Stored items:
********************
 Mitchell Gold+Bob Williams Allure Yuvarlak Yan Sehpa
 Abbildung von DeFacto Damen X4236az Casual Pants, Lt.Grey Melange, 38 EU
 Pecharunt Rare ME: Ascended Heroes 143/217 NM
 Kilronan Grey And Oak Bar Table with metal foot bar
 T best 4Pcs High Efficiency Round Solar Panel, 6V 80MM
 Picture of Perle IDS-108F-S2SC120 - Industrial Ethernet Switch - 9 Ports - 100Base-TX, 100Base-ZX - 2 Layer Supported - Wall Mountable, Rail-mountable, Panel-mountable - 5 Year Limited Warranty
********************
Across the data, how many lines contain the string "Grey"? Only the number is wanted.

TASK ANSWER: 2